Recorded data
+===+
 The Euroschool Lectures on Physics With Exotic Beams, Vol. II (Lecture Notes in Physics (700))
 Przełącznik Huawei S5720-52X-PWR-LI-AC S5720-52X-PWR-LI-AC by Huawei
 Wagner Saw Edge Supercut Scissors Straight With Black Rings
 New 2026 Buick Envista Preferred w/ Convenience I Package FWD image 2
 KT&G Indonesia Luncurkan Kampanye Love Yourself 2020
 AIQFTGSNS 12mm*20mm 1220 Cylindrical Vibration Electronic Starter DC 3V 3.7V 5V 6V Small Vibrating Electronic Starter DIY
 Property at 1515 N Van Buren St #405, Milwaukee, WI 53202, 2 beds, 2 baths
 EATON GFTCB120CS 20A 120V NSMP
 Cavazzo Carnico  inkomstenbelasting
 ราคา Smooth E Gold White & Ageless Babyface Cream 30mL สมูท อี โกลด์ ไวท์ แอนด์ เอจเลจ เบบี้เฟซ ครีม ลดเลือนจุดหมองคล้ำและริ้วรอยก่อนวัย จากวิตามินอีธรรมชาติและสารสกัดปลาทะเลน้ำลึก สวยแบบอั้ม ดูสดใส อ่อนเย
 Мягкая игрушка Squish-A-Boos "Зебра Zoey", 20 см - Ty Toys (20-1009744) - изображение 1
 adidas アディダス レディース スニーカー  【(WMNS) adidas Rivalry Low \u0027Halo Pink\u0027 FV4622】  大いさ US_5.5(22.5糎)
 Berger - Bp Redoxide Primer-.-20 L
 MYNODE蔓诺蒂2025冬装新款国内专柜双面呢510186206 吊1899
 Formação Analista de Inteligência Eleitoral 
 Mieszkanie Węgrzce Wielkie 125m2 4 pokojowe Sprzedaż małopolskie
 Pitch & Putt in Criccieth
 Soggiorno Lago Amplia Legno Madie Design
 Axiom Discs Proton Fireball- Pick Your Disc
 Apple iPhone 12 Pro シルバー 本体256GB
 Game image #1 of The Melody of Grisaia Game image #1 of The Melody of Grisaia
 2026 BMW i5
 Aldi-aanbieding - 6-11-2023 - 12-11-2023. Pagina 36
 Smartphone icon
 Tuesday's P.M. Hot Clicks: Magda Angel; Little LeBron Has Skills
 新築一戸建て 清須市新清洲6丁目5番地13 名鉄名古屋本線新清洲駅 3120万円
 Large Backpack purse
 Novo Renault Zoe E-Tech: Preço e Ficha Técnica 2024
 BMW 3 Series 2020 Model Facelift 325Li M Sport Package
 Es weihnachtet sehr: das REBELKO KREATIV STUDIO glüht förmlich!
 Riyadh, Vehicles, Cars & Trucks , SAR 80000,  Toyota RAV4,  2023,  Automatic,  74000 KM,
+===+
- **TASK DIRECTIONS**: Look above for the line with "Tuesday's P.M. Hot" and the line with "Es weihnachtet sehr: das"; transcribe both and all lines in between, exactly, and nothing else.

- **RESPONSE BELOW**:
 Tuesday's P.M. Hot Clicks: Magda Angel; Little LeBron Has Skills
 新築一戸建て 清須市新清洲6丁目5番地13 名鉄名古屋本線新清洲駅 3120万円
 Large Backpack purse
 Novo Renault Zoe E-Tech: Preço e Ficha Técnica 2024
 BMW 3 Series 2020 Model Facelift 325Li M Sport Package
 Es weihnachtet sehr: das REBELKO KREATIV STUDIO glüht förmlich!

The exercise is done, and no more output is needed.